Atlético e Flamengo decidem título da Copa do Brasil em 2024

Alexandre Simões

Todas as vezes em que Atlético e Flamengo se enfrentam é impossível tirar dos confrontos a final do Brasileirão de 1980 e o jogo desempate pela vaga do Grupo 3 da Libertadores de 1981 nas semifinais da competição. Isso porque arbitragens desastrosas prejudicaram demais o clube mineiro, que tinha um dos maiores esquadrões da sua história e que amargou duas derrotas em que os confrontos não foram decididos apenas na bola.

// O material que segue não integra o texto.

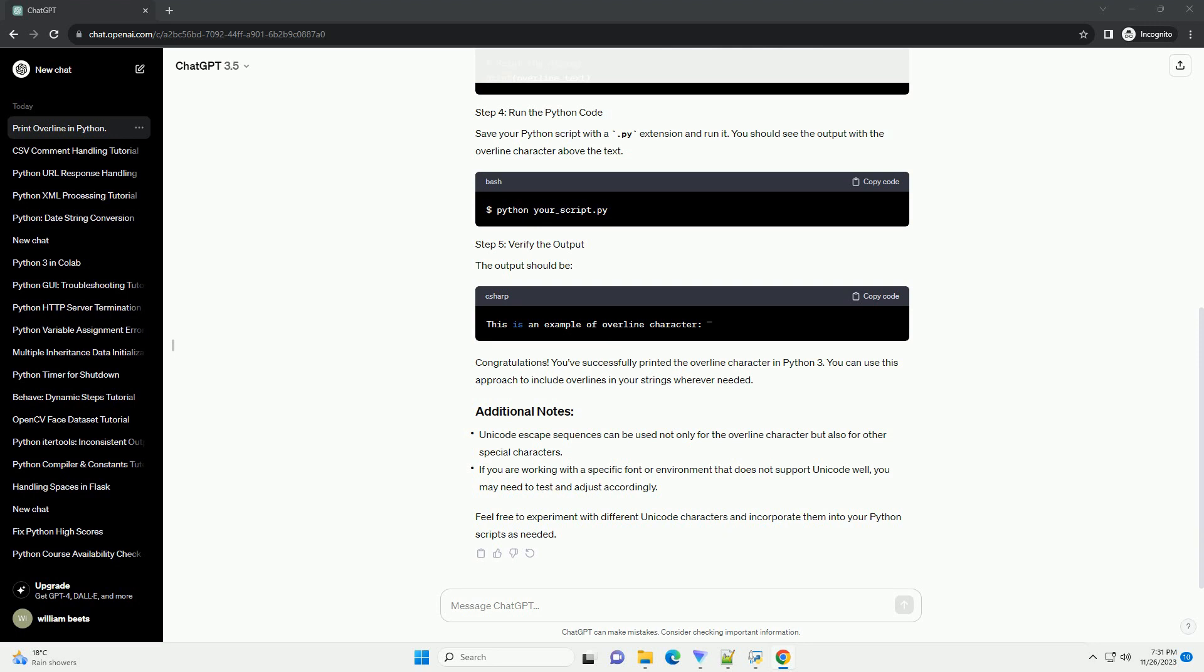You've successfully printed the overline character in Python 3. You can use this approach to include overlines in your strings wherever needed. Feel free to experiment with different Unicode characters and incorporate them into your Python scripts as needed.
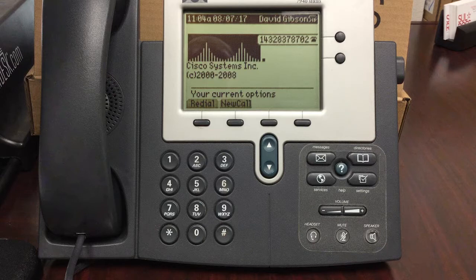In this video, I will show you how to search for another Solras extension and call them.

“Vai ser uma grande final e queremos um jogo limpo e não jogos sujos como foi no passado. Estamos encaminhando à CBF um ofício para que ela utilize nessas duas partidas a tecnologia impedimento semiautomático. Ela foi utilizada na Copa do Mundo e é utilizada nas principais ligas europeias”. A declaração do presidente Sérgio Coelho, do Atlético, foi tratada como “choro” pela diretoria do Flamengo. Fatos mostram que é apenas precaução diante de dois jogos que não podem ser esquecidos, mesmo depois de mais de quatro décadas.

Assim como o Atlético, o Flamengo também tinha um esquadrão, comandado por Zico, mas naquele duelo entre dois times recheados de craques, que formavam a base da Seleção Brasileira na época, sob o comando de Telê Santana, José de Assis Aragão, Carlos Sérgio Rosa Martins e José Roberto Wright acabaram roubando a cena.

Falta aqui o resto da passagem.